Y si esto pasa con la lengua, qué decir de la mitología. Después de años y años con los ojos vendados, ahora resulta que el abuelo de Heidi –icono de nuestros años tiernos antes de la proliferación de esos dibujos animados pornográficos que importamos celosamente desde Oriente– era ¡Pedro Solbes!, según hemos sabido por sus propias e íntimas declaraciones a un diario de tirada nacional. Natural, por otra parte, pues el abuelo Solbes tendría mucho trabajo en Suiza antes de venir a jubilarse definitivamente en España… Con lo que ya se entiende, también, por qué Heidi le preguntaba tanto. Pero el caso es que nos han desmontado el mito y la ilusión, y que en aquel cambalache made in Switzerland las vírgenes montañas nevadas eran en realidad estaciones de esquí de lujo, y que la cabaña del abuelo era un despacho con los últimos adelantos informáticos para detectar infractores, y que Heidi hacía pinitos para inspectora fiscal. O tempora o mores. ¿Cómo podremos recobrarnos de tanto desmoronamiento?

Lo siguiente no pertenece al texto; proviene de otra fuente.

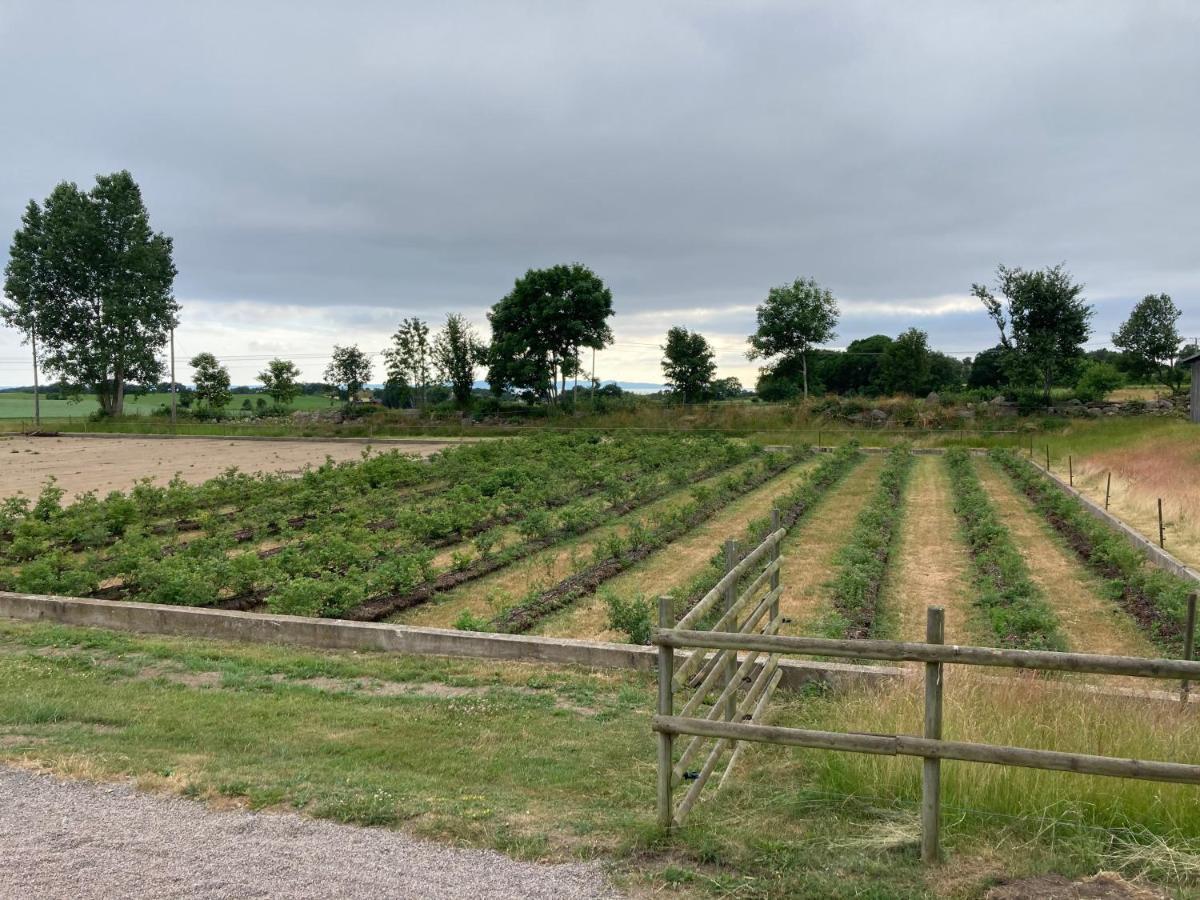 Fin Laegenhet Pa Bjaere Med Naera Till Natur Och Noeje Båstad Esterno foto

Por el contrario, otros se esfuerzan para recuperar mitos perdidos, y en esa búsqueda también trastocan lo que nunca fue ni ha sido. Es el caso de Scorsese que, miren ustedes por dónde, ha descubierto en Bob Dylan un poeta, y hasta le ha hecho una película con semejante motivo. Estamos apañados: éramos pocos y parió la abuela. Con la de poetas que andamos proliferando por el mundo (buenos, menos buenos e incluso malos), resulta que quieren colocarnos como tales a los que ni siquiera lo son. Ha pasado con Sabina y Aute en España, y ahora nos toca la china con Dylan (no Thomas, que ése sí lo era, sino Robertito). No vamos a negar a estas alturas la importancia de los tres citados (junto a algunos otros: Cohen y compañía) en la música de autor y hasta en un determinado ámbito de la cultura contemporánea… pero la poesía es otra cosa. No trabuquemos, no confundamos, no hagamos cambalaches; dejemos a Bob Dylan con sus legendarias letras protesta y su armónica infernal como imagen de la también cambalache generación del 68.
Aunque, entre tanta confusión, algunos hechos cobran su sentido. Ahora comprendo a aquella alumna mía que, en una Universidad de cuyo nombre no quiero acordarme, atribuyó a Gutenberg la destrucción a fuego de Cartago perpetrada por Escipión Emiliano en el 146 a.C.: impresores alemanes o cónsules romanos, lo mismo da. Y además, seguro que tenían algo en común: de eso se encarga el cambalache, “en el 506 y en el 2000 también”.